In primo luogo, la differenza tra le due tipologie di contributo trova ragion d’essere esclusivamente nell’obiettiva finalizzazione delle erogazioni, da riguardarsi di per sé, a prescindere dall’assolvimento o meno (e dalle modalità di assolvimento) dell’obbligo di contabilizzazione da parte del contribuente, giacché – come affermato da costante giurisprudenza di legittimità, esattamente citata dalla CTR – “sono contributi in conto capitale, e, quindi, sopravvenienze attive, quelli erogati per incrementare i mezzi patrimoniali del beneficiario, senza che la loro concessione si correli all’onere di uno specifico investimento in beni strumentali, mentre sono contributi in conto impianti, che confluiscono nel reddito sotto forma di quote di ammortamento deducibile, quelli destinati all’acquisto di beni” (così da ultimo Sez. 5, n. 21438 del 27/07/2021, Rv. 662081-01);
In secondo luogo, anche le imprese agrituristiche in contabilità forfetaria hanno l’obbligo di trasparentemente contabilizzare i contributi che ricevono, distinguendo, in rigorosa applicazione di detta giurisprudenza, a seconda che si tratti di contributi in conto capitale ovvero in conto impianti, al fine di rendere esplicito il conseguente trattamento fiscale (neutrali essendo i soli contributi in conto impianti, che, afferenti in diminuzione ai costi, esulano “ex se” dalla base imponibile, determinata dalla somma dei ricavi moltiplicata per il coefficiente di redditività).
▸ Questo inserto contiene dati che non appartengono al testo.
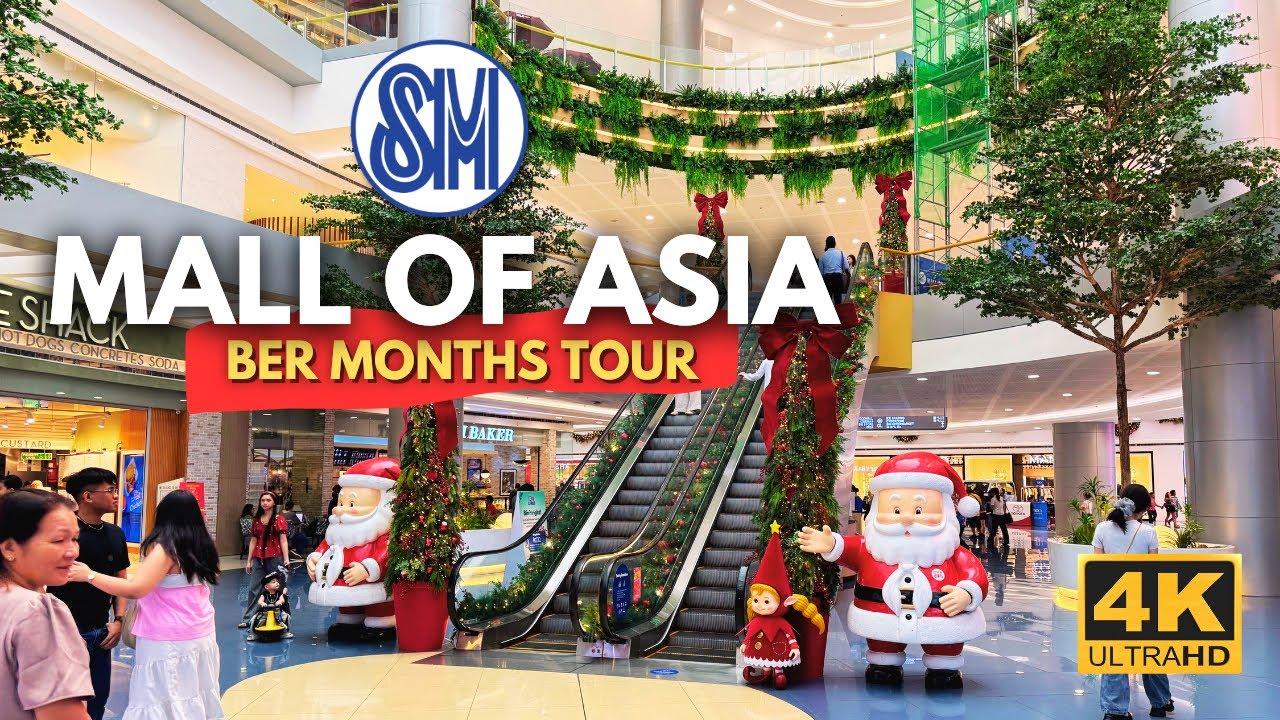 The BER Months are Here, Christmas in the Philippines Starts Now! 🎄| 4K | SM Mall Of Asia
Detto obbligo discende dall’art. 2217 c.c., secondo cui tutti gli esercenti attività d’impresa – ivi compresi imprese individuali (come nella specie) ed imprenditori agricoli (cui, eventualmente, può ricondursi l’attività agrituristica ex art. 2135, comma 3, c.c., a misura che non la si ritenga “tout court” commerciale ex art. 2195, comma 1, n. 1, c.c.) – sono tenuti alla redazione (secondo criteri di ricostruibilità postuma) del bilancio. Le imprese individuali e le società di persone, sebbene esonerate dal rendiconto finanziario e dalla nota integrativa, e sebbene non vincolate alle specifiche regole di cui all’art. 2423 c.c., sono comunque tenute a predisporre stato patrimoniale e conto economico. Nell’uno o nell’altro, poi, trovano allocazione i contributi in conto capitale o in conto impianti, a seconda dei metodi prescelti.
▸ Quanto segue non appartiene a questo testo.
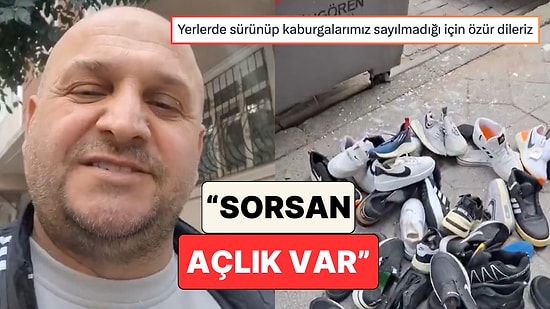 Bir Vatandaş Çöp Kutularını Gezerek Ekonomi Analizi Yaptı: "Sorsan Açlık Var Çöpte Et Var"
3.3.4. Tirando le somme di quanto detto sin qui, nella specie, la ricorrente – a fronte di un’indicazione come in conto capitale del contributo percetto siccome riveniente dal bando, indicazione di per sé non vincolante, ma presuntiva della qualificazione del contributo dal punto di vista della P.A. erogante ed invece totalmente pretermessa in ricorso, anche soltanto in prospettiva confutatoria – non offre alcun elemento da cui inferire la “concreta” natura in conto impianti dello stesso, tra cui “anche”, ma non solo, le modalità della sua contabilizzazione, che, se correttamente seguite, avrebbero comunque reso evidenza delle vicende del bene in tesi finanziato, di cui invece nulla è allegato.
Donde non può la ricorrente – con mere asserzioni astratte, non ancorate ad alcun preciso elemento dell’attività d’impresa pretendere di giustificare “ex post”, sul presupposto della pretesa irrilevanza fiscale del contributo, qualificato apoditticamente (senza cioè render conto dell’osservanza dei superiori criteri indicati dalla giurisprudenza di legittimità) come in conto impianti, la sua totale mancata registrazione in contabilità.
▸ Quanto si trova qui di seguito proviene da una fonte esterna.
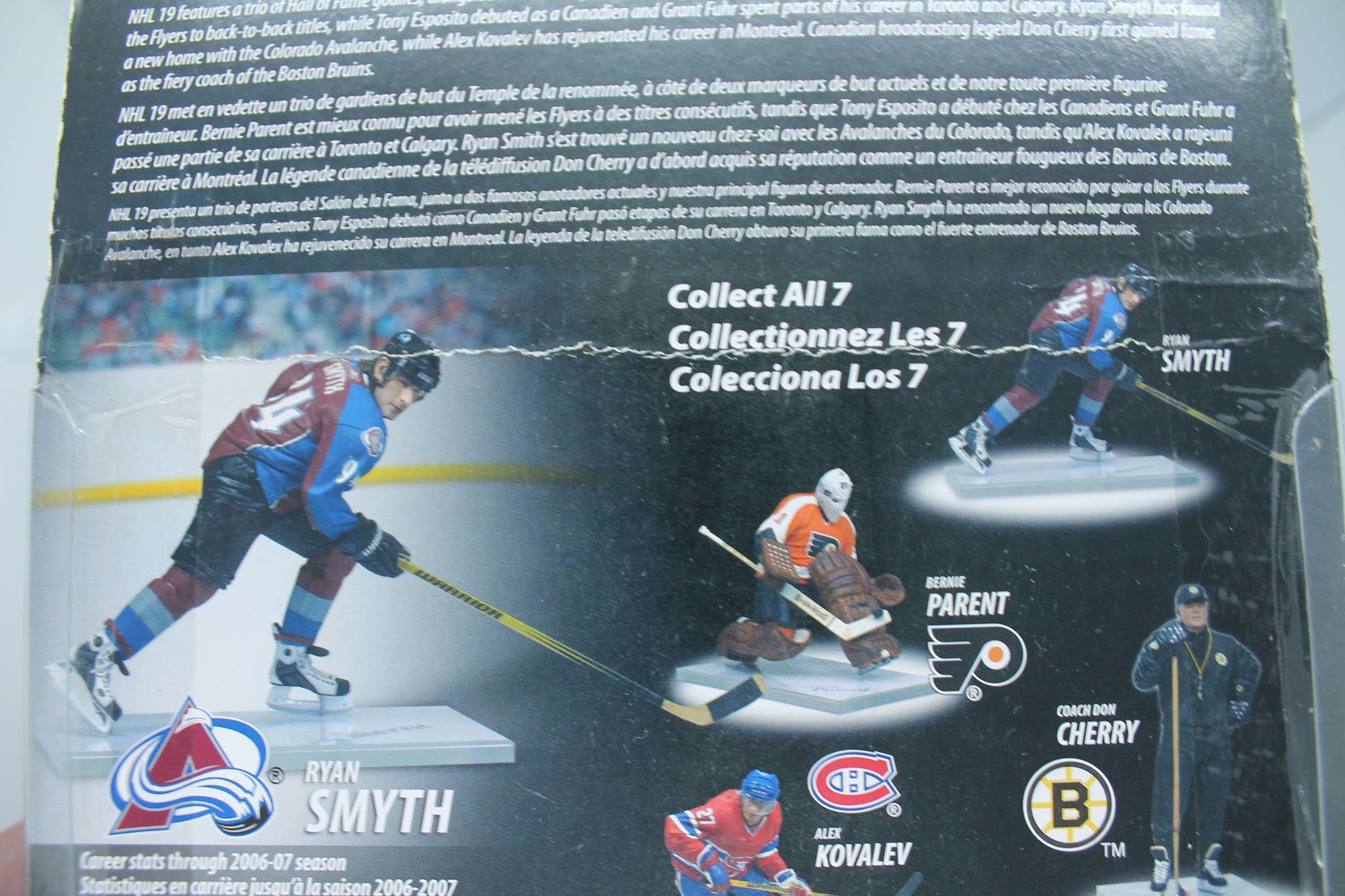 McFarlane Ryan Smyth NHL 19 6" Action Figure - Colorado Avalanche - Some damage to packaging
4. In definitiva, il ricorso deve essere rigettato, con le statuizioni consequenziali come da dispositivo.
P.Q.M.
Rigetta il ricorso.
Condanna D.P.P.O. a rifondere all’Agenzia delle entrate le spese di lite nel grado, liquidate in euro 5.600, oltre spese prenotate a debito.
Ai sensi del d.p.r. n. 115 del 2002, art. 13, comma 1 quater, dà atto della sussistenza dei presupposti processuali per il versamento, da parte della medesima D.P.P.O., di un ulteriore importo a titolo di contributo unificato, pari a quello previsto per il ricorso stesso, a norma del comma 1-bis dello stesso art. 13, se dovuto.